By Madelaine B. Miraflor

The Metropolitan Waterworks and Sewerage System (MWSS) said it will ensure full compliance to a Supreme Court continuing mandamus among its concessionaires, Maynilad Water Services, Inc. and Manila Water Company, Inc. (Related story on B5)


Metropolitan Waterways and Sewerage System (MWSS) logo MWSS Logo

MWSS was referring to 2008 writ of continuing mandamus issued by the Supreme Court, which ordered some government agencies to “clean up, rehabilitate and preserve Manila Bay and restore and maintain its water to level fit for swimming, skin diving and other forms of contact recreation”.

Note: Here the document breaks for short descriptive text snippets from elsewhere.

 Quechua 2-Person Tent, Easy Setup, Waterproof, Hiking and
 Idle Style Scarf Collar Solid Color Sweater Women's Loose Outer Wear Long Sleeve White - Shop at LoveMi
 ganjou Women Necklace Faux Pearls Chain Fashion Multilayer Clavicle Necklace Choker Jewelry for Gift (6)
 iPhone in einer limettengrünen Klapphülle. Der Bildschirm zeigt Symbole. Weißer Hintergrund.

As MWSS' concessionaires, Maynilad and Manila Water are required to improve and expand their respective sewerage services to make sure that all the waste water that is being released to Manila Bay has been treated properly.

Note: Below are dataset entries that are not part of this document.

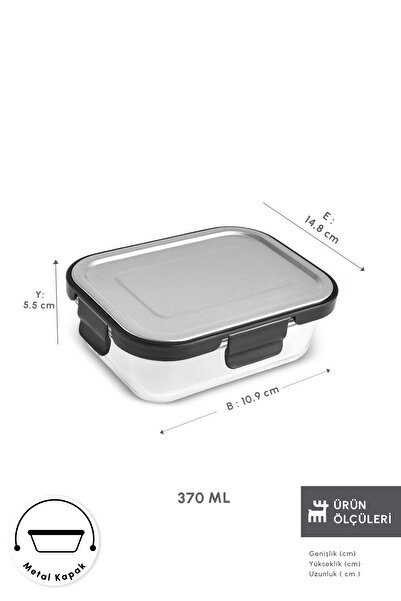 Karaca حاوية تخزين زجاجية بغطاء معدني من فيرا سعة 370 مل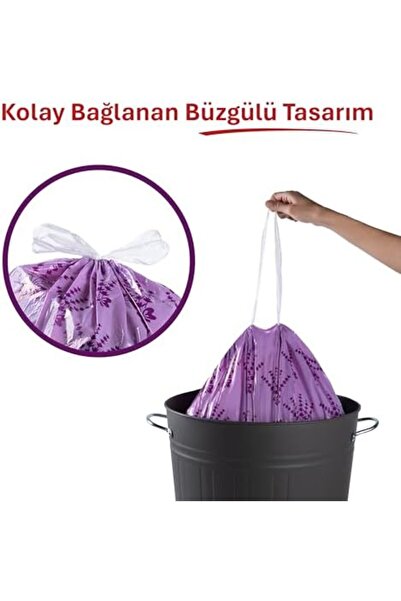 Yıldızan 3K_Store Lavender Scented Medium Size Drawstring Garbage Bag 15-Pack...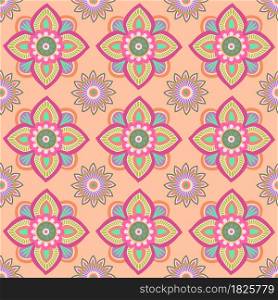Hand-drawn ornamental seamless pattern in the medieval style. Traditional folk elements for textile, paper, fabric and other printed products.Vector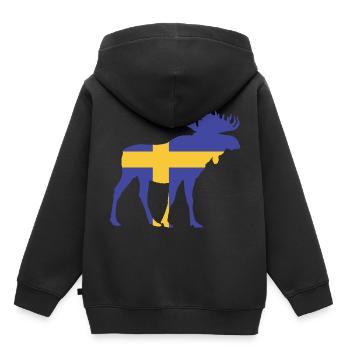 Élan suédois - Sweat Premium à capuche enfant bio - noir - Dos - AI Model Kid Male (0cm)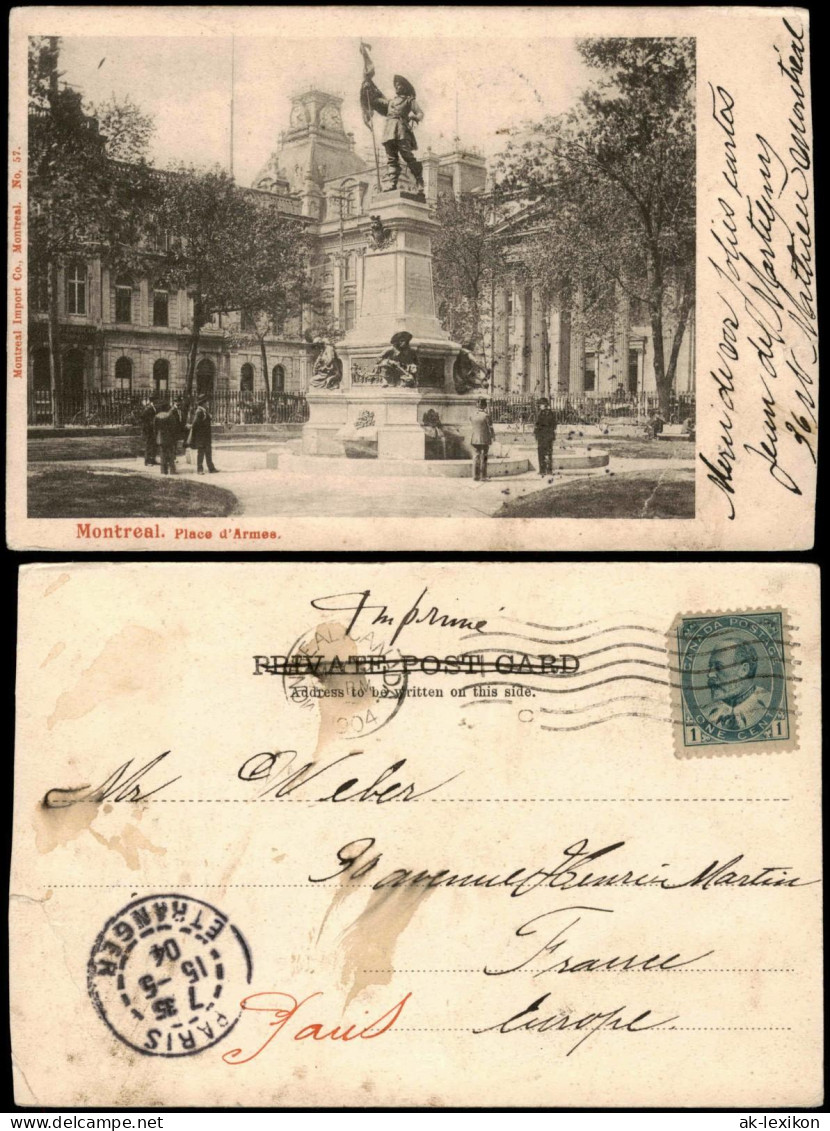 Postcard Montreal Place D'Armes 1904 - Montreal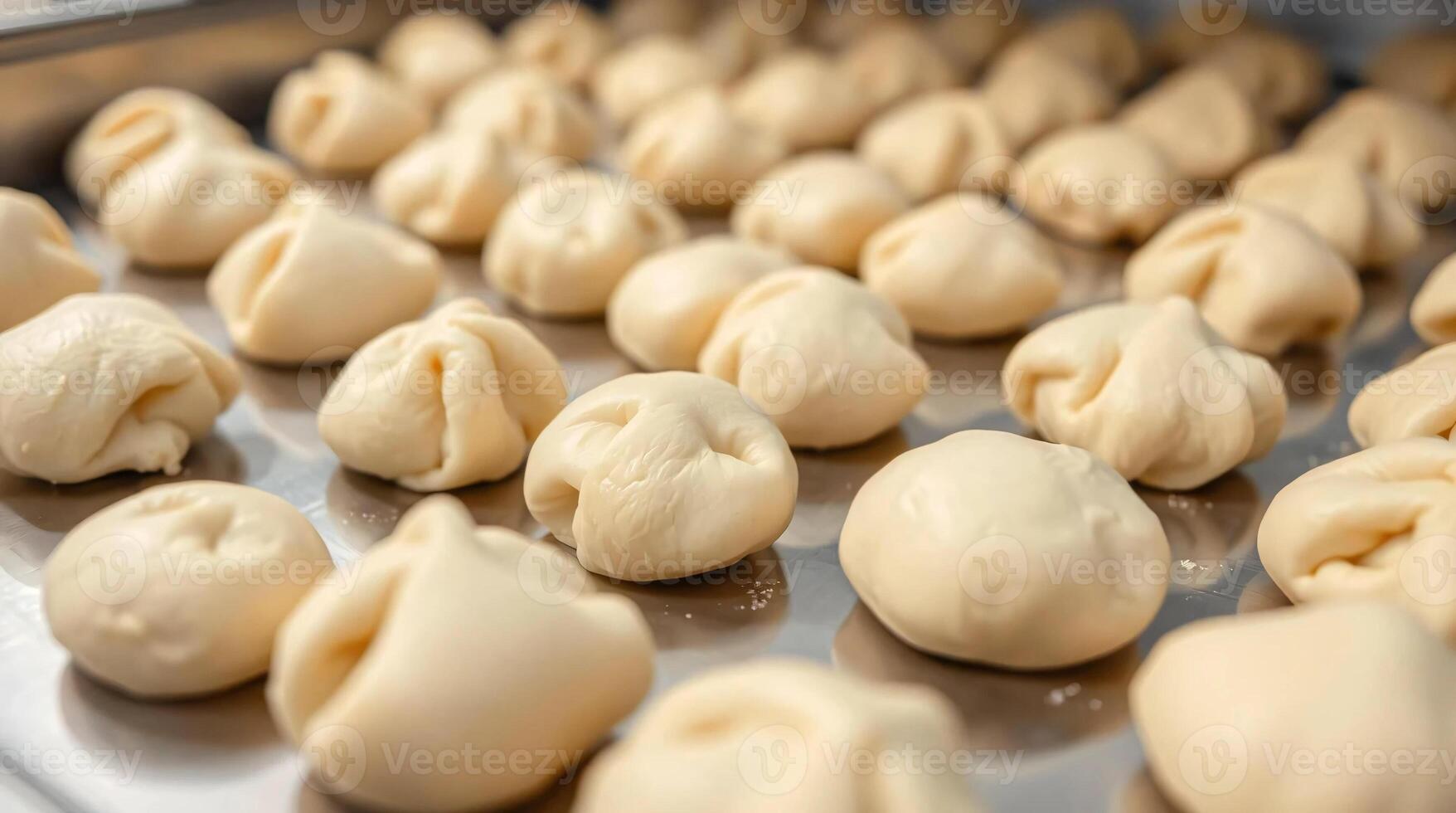 A tray of dumplings on a conveyor belt photo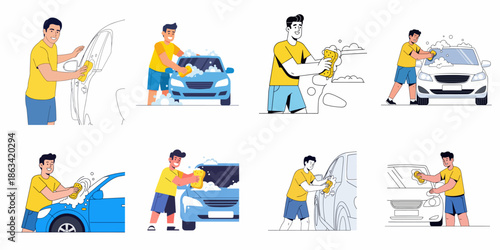 Collection of illustrations showing a smiling man washing his car with soap and sponge, demonstrating DIY vehicle cleaning maintenance tasks.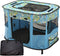 Foldable Pet Playpen, cat playpen, Puppy Play Pen for Indoors (Medium, Blue)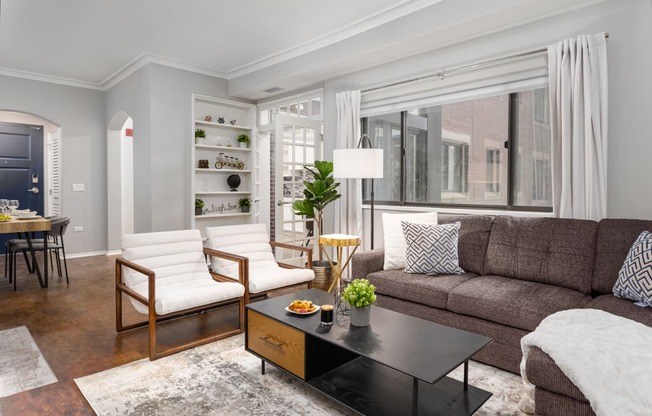 Modern Living Room at Park Heights by the Lake Apartments, Illinois, 60649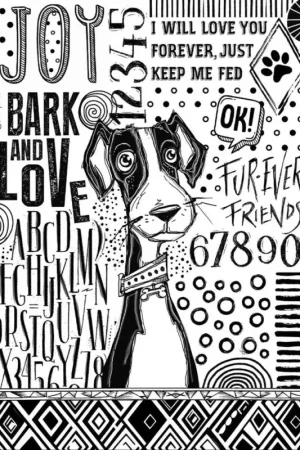Soie de paille à motifs « Furry Friends - Dog Black and White » Prix Réduit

A statement showed that MWSS Administrator Reynaldo V. Velasco has recently met with officials of Maynilad and Manila Water to discuss their compliance of the SC order.

He also asked them to adjust their targets in terms of sewerage coverage for the years 2022 to 2037.

As of now, only 15 percent of water consumers are connected to sewer lines. As provided in MWSS' concession agreements with two companies, full sewer and sanitation coverage should be 100 percent by 2037.

The concerted efforts by MWSS and its concessionaires as well as other agencies come in the wake of a massive effort to rehabilitate Manila Bay to be spearheaded by the Department of Environment and Natural Resources (DENR).

The massive clean-up will affect all the cities surrounding the bay, namely, Manila, Quezon City, Pasay, Mandaluyong, San Juan, Pasig, Caloocan, Malabon, Navotas, Valenzuela, Makati, Parañaque, Taguig, Muntinglupa, Las Piñas, and Pateros as well as local government units in eight provinces in Region 3, and 4-A and establishments along its 194-kilometer coastline.

The rehabilitation aims to reduce the coliform level to 100 most probable numbers per 100 milliliters (MPN/100ml) or low enough for the bay to be safe for swimming from its current level of 333 million MPN/100ml.